There isn't much that Jas hasn't seen or experienced when it comes to families and relationships. Jas uses her skills as a writer to throw a spotlight on the issues facing young Sikh Punjabi women. She wrote the Life Out Of Reach series determined to expose the truth behind Sikh Punjabis living in the UK. Her no-holds barred memoirs have been written without fear, providing a window into the depths of depravity and male supremacy that exist within the Sikh Punjab culture and religion that controls and dominates the lives of their daughters, nieces, sisters, wives and daughter-in-laws.

    Book Review

Reviewed by Lucinda E Clarke for Readers' Favorite

Life Out Of Reach - Spare Burden covers the first 16 years of the author’s life with her Indian parents who had emigrated and settled in the Birmingham area of England. The family is large, but Jas’s earliest memories are of her Mam, her grandmother, who passed away when she was very young. The whole family is ruled by her grandfather, whose way of life strictly adheres to their culture and practices as they are followed in India. In one respect, Jas is lucky as her parents appear to be more modern, encouraging their children to get an education. However, the downside is that Jas is the second eldest of 6 girls, and this is almost a mark of shame in the Sikh Punjabi community. ‘Girls are a burden’ is a theme throughout the book; a boy is of more value. The easiest way to get rid of the burden is to marry the girls off as soon as they are old enough; 16 in Britain although it would have been earlier back home. There is even a suggestion that Jas’s grandfather had disposed of some of his female children at birth. Jas recounts her early years and her school days until she is in her first year studying for her A levels. She plans to go on to university to read English and then become a journalist. She longs to be free, and spends many hours reading, her window into a wider world. While she envies those white girls she meets at school, she is a dutiful daughter and obeys her parents in everything. But there is a shock at the end which leaves the reader stunned.

I am so thrilled that I picked up Life Out Of Reach - Spare Burden by Jas Dosanjh. I would love this book to be on the prescribed list for all schoolchildren in Britain and also for their parents. This book blows the lid off Indian culture and customs. It highlights the brutal oppression the men have over their women, down to the last detail. It shows how the family members spy on their female children if they so much as talk to a member of the opposite sex, due to the desperate fear their girls will not remain pure for marriage. Their stranglehold is far worse than I ever even suspected. While arranged marriages are common, the small amount of time the young people have to get to know each other is horrific and if anything goes wrong, it is always the woman to blame.

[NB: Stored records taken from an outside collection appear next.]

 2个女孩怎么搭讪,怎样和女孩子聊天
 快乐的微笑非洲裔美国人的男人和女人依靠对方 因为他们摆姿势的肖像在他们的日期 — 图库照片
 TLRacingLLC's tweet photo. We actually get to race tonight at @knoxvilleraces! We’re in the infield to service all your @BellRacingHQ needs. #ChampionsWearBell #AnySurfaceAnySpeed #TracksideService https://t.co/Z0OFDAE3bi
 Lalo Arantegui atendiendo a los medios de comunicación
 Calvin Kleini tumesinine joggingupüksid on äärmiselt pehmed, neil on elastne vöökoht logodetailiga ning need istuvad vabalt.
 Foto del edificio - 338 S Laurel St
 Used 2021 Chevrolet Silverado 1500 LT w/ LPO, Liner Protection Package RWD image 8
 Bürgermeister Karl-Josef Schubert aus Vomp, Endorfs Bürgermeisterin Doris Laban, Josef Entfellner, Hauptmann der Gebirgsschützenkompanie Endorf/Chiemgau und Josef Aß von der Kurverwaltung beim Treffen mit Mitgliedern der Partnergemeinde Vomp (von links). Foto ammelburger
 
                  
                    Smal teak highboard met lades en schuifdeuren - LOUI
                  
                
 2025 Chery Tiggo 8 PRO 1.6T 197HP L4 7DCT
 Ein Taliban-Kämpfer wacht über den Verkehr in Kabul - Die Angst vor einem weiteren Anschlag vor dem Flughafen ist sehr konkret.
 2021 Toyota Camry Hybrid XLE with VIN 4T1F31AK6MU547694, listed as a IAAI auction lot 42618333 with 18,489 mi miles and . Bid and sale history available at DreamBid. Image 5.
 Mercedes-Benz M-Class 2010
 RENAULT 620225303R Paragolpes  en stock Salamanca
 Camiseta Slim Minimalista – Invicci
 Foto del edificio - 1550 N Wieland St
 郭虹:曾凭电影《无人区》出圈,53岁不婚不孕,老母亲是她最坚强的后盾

I also had no idea how much animosity there is between different Indian castes and religions, Sikhs and Muslims and their refusal to integrate into other cultures in their new country. There is too the underlying hatred and disdain towards the British for ruling India in the past and the cruel treatment suffered under the occupation. Much of this spills out in the playground of a British school, causing huge problems for Jas as she is happy to be friendly with white girls, Muslims and simply judges people by the way they behave and not their genealogical background and beliefs. She plans a very different future for herself, free of the claustrophobic age-old practices she sees as pointless, most of which reinforce the total domination of men in Indian society. The extent to which the selfishness and self-obsession of the males in families about how their children might shame and embarrass them overrides any parental love and care, and is astounding. This book blew me away, opened my eyes and left me reeling. I understand there will be more in the series and I can’t wait for the next one to come out. I shall be eagerly waiting to read it as I’m sure it will be as well written as this first book. A well deserved 5 stars.

John Parker

I thank you, Jas, for sharing your life. It touched me in a​ way that I cannot
adequately describe. You write with intensity and emotion that is rare
- from your heart and soul. It is entirely in sync with my memory of
the charming, straightforward​ and down to earth person I met once several.